En moyenne sur une année, on observe que les jours où les concentrations de particules fines sont élevées, les hospitalisations augmentent, de même que les taux d’infarctus ou d’AVC. Ainsi, une hausse de 10 µg/m3 de la dose journalière entraîne en moyenne deux fois plus d’hospitalisations d’enfants et de personnes âgées.

Une synthèse sur l’estimation des hospitalisations en urgence en temps de pollution atmosphérique corrobore les propos de Patrice Halimi. L’un de ces co-auteurs, Sabine Host de l’Observatoire régional de santé d’Île-de-France souligne toutefois que de nombreuses dispositions sont prises pour réduire le taux de PM2,5 – en théorie.

Les sources à l’origine des particules fines sont multiples. L’effort est surtout mis sur des mesures de restrictions au niveau des sources fixes comme les usines, les chaufferies… Il y a aussi des plans de déplacements urbains qui vont réguler l’utilisation de la voiture en ville ou encore le projet Zapa mais aussi une nouvelle régulation sur la biomasse et l’interdiction des déchets verts.


L’étude des sources aide à trouver des situations répondant à des conditions spécifiques. D’après le Centre interprofessionnel technique d’études de la pollution atmosphérique (Citepa), en 2009, les émissions à l’origine des PM2,5  en France proviendraient de ces différentes sources :

Ces 35% du secteur résidentiel/tertiaire souligne l’importance de sources de pollution qui restent malgré tout peu régulées. Elles concernent notamment les particules fines émises par le chauffage au bois des habitations.

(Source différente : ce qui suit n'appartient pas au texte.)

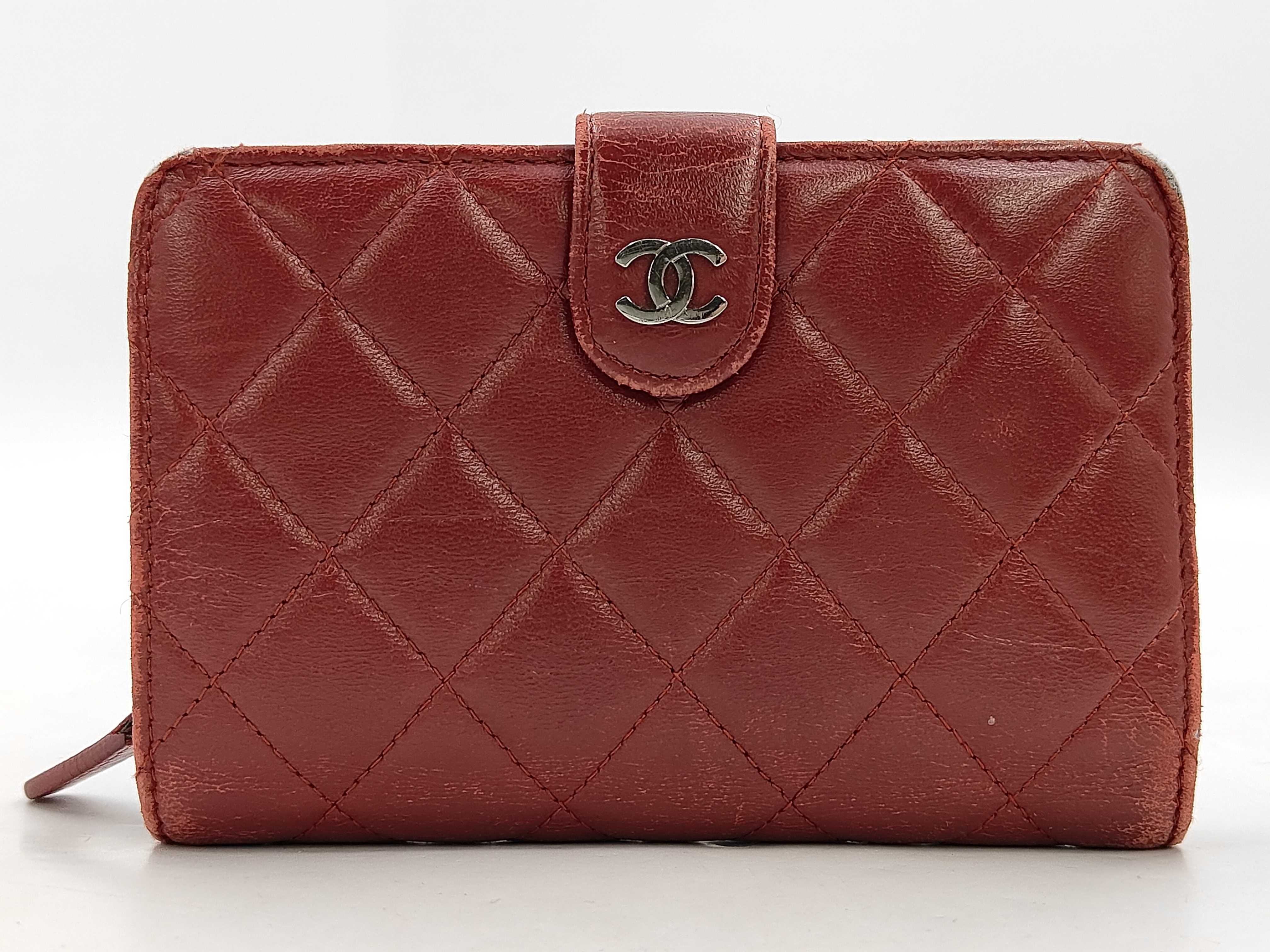 SLG MATELASSE LAMBSKIN BIFOLD WALLET RED W/CARD NO.16 16467542 Wallet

Si des mesures de restrictions sont difficiles à mettre en place, des initiatives voient le jour comme le label Flamme Verte qui favorise l’installation de dispositifs de chauffage moins polluants.

Cette multitude de sources, dont les proportions varient selon le positionnement géographique, et l’effet de dispersion des particules fines dans l’atmosphère mettent en évidence une autre conséquence : la pollution ne s’arrête pas à la porte de la maison.

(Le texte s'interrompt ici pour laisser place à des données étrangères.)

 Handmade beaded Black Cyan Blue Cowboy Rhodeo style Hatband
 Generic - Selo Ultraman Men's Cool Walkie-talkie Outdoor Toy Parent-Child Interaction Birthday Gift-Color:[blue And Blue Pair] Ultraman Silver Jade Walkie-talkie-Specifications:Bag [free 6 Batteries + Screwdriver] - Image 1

Les transferts entre air extérieur et air intérieur existent. Il est impossible de déterminer le taux de particules fines dans une habitation ou un bureau car les situations diffèrent d’un endroit à un autre. Un logement mal isolé va permettre plus d’échanges, et inversement. Mais paradoxalement cela veut dire qu’un habitat qui va avoir peu de transferts peut aussi concentrer les polluants à l’intérieur.

Si la pollution extérieure impacte la pollution intérieure, il est indéniable que, outre les résidus de combustion, les produits ménagers, le bricolage, le tabac le cas échéant, font également partie des agents dangereux. Les études sur les éléments précis qui composent ces poussières, d’origine intérieure ou extérieure, font cruellement défaut.  Le manque de données précises crée un flou qui se répercute sur l’état des connaissances portées aux consommateurs. Une situation que dénonce Patrice Halimi :

Ce qu’il faut prendre en compte, c’est que nous respirons au quotidien un air pollué ! Il est donc primordial d’informer le grand public.

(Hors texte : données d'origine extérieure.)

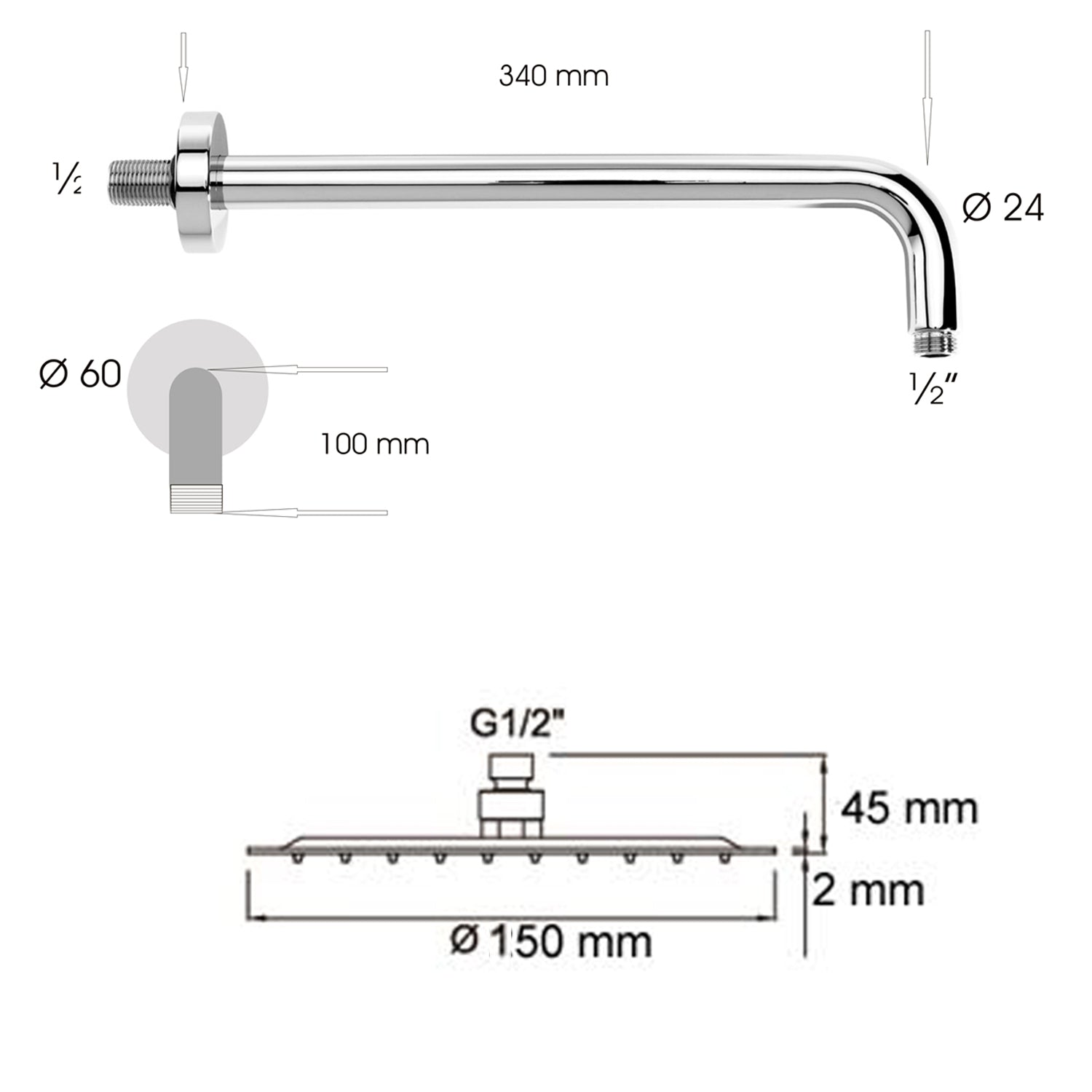 Soffione doccia tondo ultraslim di Ares diametro 15 cm con  braccio doccia in acciaio inox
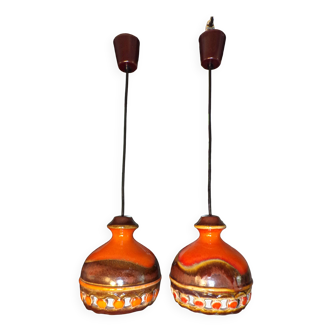 Pair of Pan Leuchten ceramic pendant lights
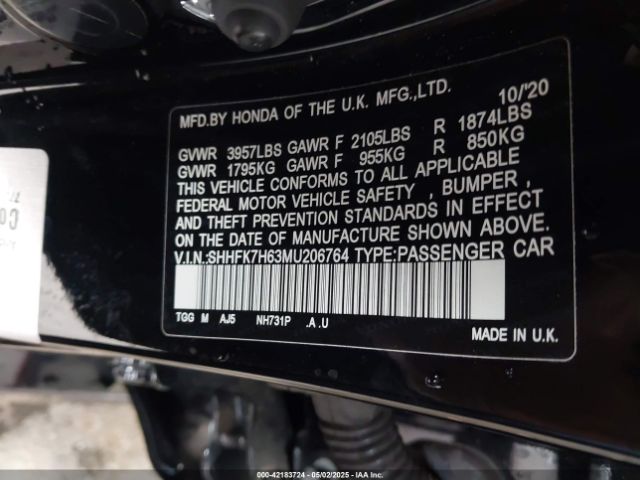2021 HONDA CIVIC SHHFK7H63MU206764 Photo 8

Le bilan à mi parcours du plan Particules a montré que l’essentiel de la communication aux particuliers réside en la diffusion de plaquettes. La sensibilisation sur les émissions polluantes dues au système de chauffage est quant à elle confiée aux “professionnels de la maintenance”.

Si la lutte contre la pollution aux particules fines passent naturellement par l’effort de réduction des émissions, il n’est pas fait mention des possibilités de purification de l’air. Car des solutions comme une aération pouvant filtrer le PM2,5 sont envisageables mais restent coûteuses et nécessitent un entretien régulier.